Internacional
Como o Google contribui para perpetuar estereótipos sexistas
A julgar por buscador de imagens, brasileiras são sexy e exibicionistas, e ucranianas estão loucas para se casar. Levantamento da DW mostra como a ferramenta reproduz clichês sobre mulheres de certas nacionalidades
Quem quer saber que aparência algo tem, geralmente apela para o Google Images. Como “cara pública” de todas as coisas e pessoas, o serviço deveria ser relativamente neutro. No entanto uma análise da DW de 20 mil imagens e websites revelou uma tendência sexista nos algoritmos do gigante da internet.

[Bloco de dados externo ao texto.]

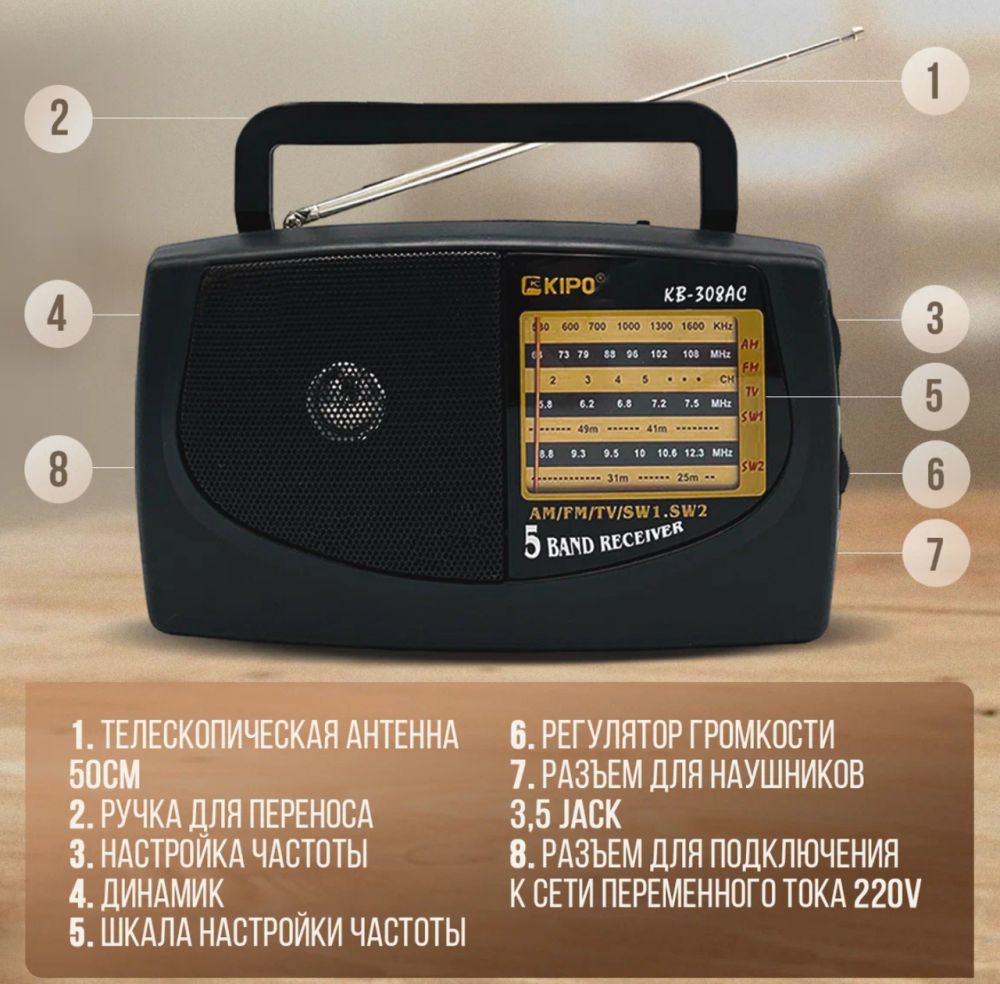 5 Діапазоний Радіоприймач Kipo KB-308AC Одеса - фото 6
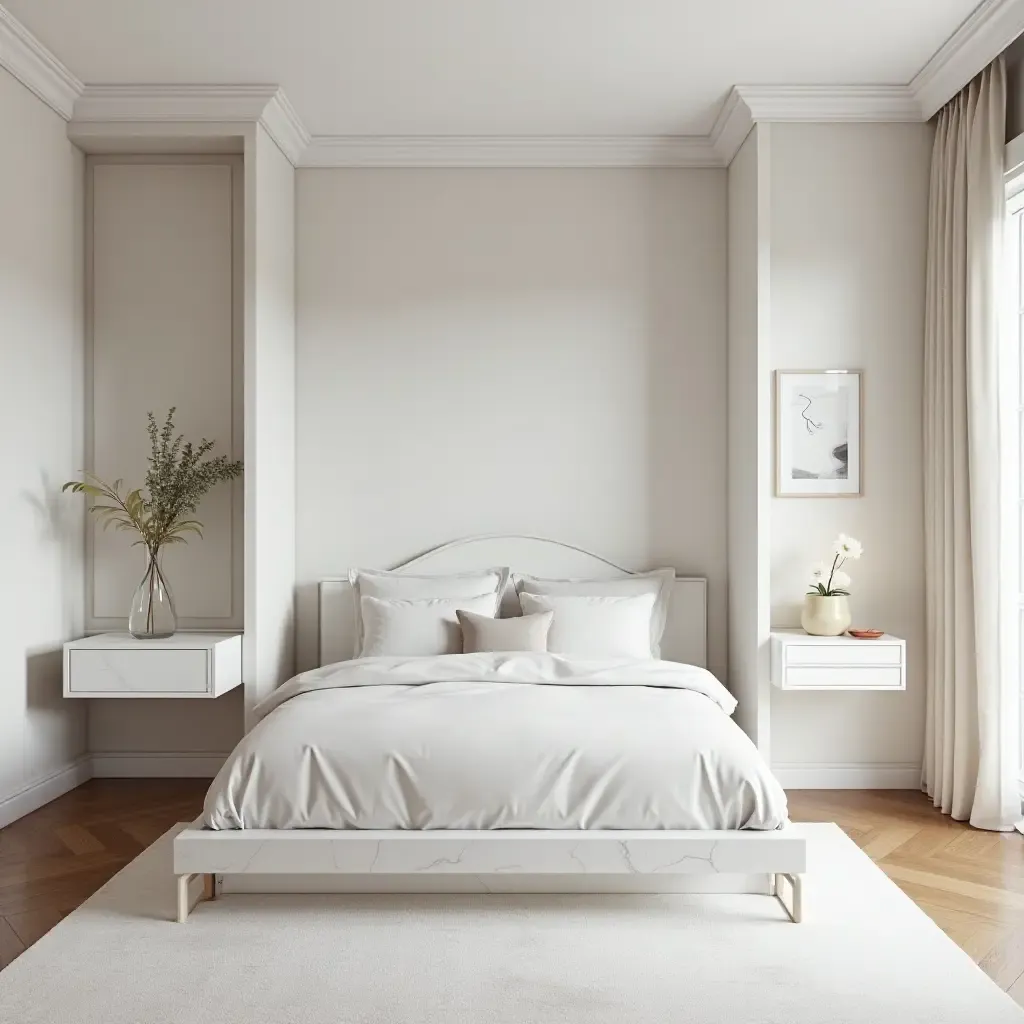 a photo of a modern teen bedroom with marble furniture and minimalist design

Buscas com os termos em inglês “mulheres brasileiras”, “mulheres tailandesas” ou “mulheres ucranianas”, por exemplo, tendem a mostrar como resultados mais imagens de mulheres jovens em poses provocantes e com pouca roupa do que buscas com o termo “mulheres americanas”. De forma semelhante, após uma busca por “mulheres alemãs” se verão mais fotos de políticas e atletas, em contraste com numerosas dominicanas ou brasileiras em trajes de banho e poses sensuais.
O padrão é perceptível a olho nu, bastando fazer uma simples busca. Quantificar e analisar os resultados, contudo, é mais complicado, já que a definição do que torna uma imagem sexualmente provocante é subjetiva e propensa a preconceitos culturais, morais e sociais.
Cloud Vision, uma caixa-preta
Para classificar milhares de fotos, a análise da DW se baseou no próprio Cloud Vision SafeSearch da Google, um programa de visão computadorizada treinado para detectar imagens contendo elementos sexuais ou potencialmente ofensivos. Mais especificamente, ele foi usado para marcar imagens potencialmente sexualizadas.
Segundo a definição da própria empresa, tais imagens “podem incluir (mas não são limitadas a) vestuário sumário ou transparente, nudez estrategicamente coberta, poses lascivas ou provocadoras, ou close-ups de áreas sensíveis do corpo”.
Em países como a República Dominicana ou o Brasil, mais de 40% das fotos encontradas têm probabilidade de ser sexualizadas, enquanto para mulheres americanas ou alemãs a percentagem é de 4% ou 5%, respectivamente.
O emprego de tais algoritmos de visão computadorizada é controverso, já que esse tipo de programa é sujeito a tantos vieses e limitações culturais quanto um usuário humano, ou mais. Tem-se constatado que esse software específico também apresenta, por exemplo, resultados racistas.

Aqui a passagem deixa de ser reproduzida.